# Couch to 5k, did it work for you?



## Charlee

I have the app and have bought myself a treadmill. I am a complete beginner to running and haven't as so much played sports for about 5 years.

Also, can anyone recommend the best way to lose "baby belly", a long with a good diet of healthy foods of course.


----------



## Lou1234

The app worked for me. I started it in 2011. Once I finished it I built up to 10k. I completed quite a few 10k races that year. I then started building up the distance again and completed my first half marathon in April 2012!

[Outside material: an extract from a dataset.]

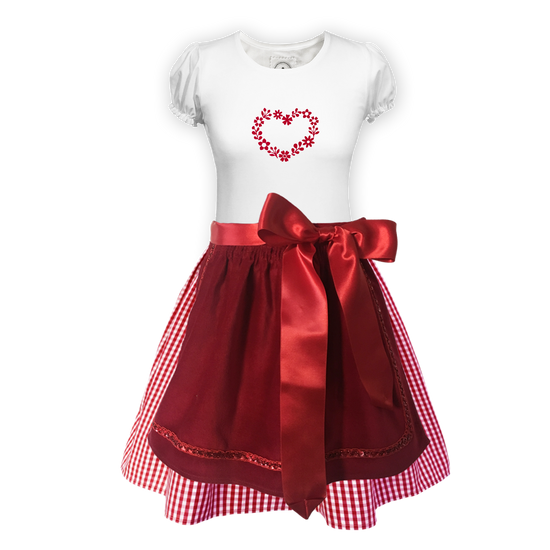 Teenager Dirndl Rock Karo rot Schuerze Samt rot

I then fell pregnant and stopped running. I now want to get back into it and might start again using the app.


----------



## youngy

I did day one today, apart from the heat I found it ok, I really want to stick at it! 
When are you starting? X


----------



## PGLady

Yes, I ruddy love that app. For someone as completely crap at all sport like me it worked a charm. Pity I buggered up my back and can't run anymore. Quite evangelical about it and recommend to all my friends. Well done doing day one in this heat! The hardest bit is getting started, you're well on your way now. I'm feeling rather guilty now!!


----------



## youngy

Thanks the heat was awful I was so red in the face lol i must of looked a state! 
Sorry to hear about your back xx


----------



## scoobydrlp

I tried it before I got pregnant (was TTC at the time) and was doing my running outside in the neighborhood where we have NO flat places, all up and downhill. Needless to say it went poorly, haha. I got pregnant soon after starting it so I quit because I was in horrible shape and didn't want to cause any issues. Hope it works for you!


----------



## mwah_xx

I used it, well I'm in the middle of using it. Didn't follow it properly though as I found it quite slow going and some of the actual workout times are too long for me to do unless it's the weekend as I have to wait for DH to get home, then go, then cook (if you tried my DH cooking you'd know why I cook!) so 40 minutes plus stretching often means we don't eat until 9!

I found it tough going on the treadmill with the app as well, all speed it up slow it down and it's much easier to do outside (it's just far too hot here in the 40s!)

I've kind of adapted the program and can run 20mins solid now though

My friend used it and she's doing her first marathon in October so it defintely works.


Oh oh oh and my favourite picture (can't find it) says something like who cares how slow you go you are going faster than sitting on the couch!

Good luck!


----------



## overcomer79

I was doing it when I got pregnant with my daughter. I had lost ten lbs when I got my bfp. Now I have been doing zumba, swimming and aqua zumba. I will keep for swimming and aqua for now.


----------



## MamaKay86

I used it and loved it! When I started I couldn't run for 2 mins but now (well at weekend) I completed race for life, 5K in 37.5 mins and that was with loo break at the 3K mark! I am super proud of myself! Never thought my fitness would be this good! Think I'm the fittest I've ever been thanks to C25K.


----------



## threebirds

Im also a convert. Im really enjoying it. When I start each new wk its tough going but then it gets easier each time. I do each 'wk' more than 3 times though. Im about to start wk 5 tomorrow, yikes!
Good luck :)


----------



## 2011butterfly

I did it a few years ago. Although at the time I was already exercising I found the programme slow. So skipped a few weeks (weeks 1-4) And I was running 3 miles :)

Although I stopped, now I've restarted I'm on week 2.


----------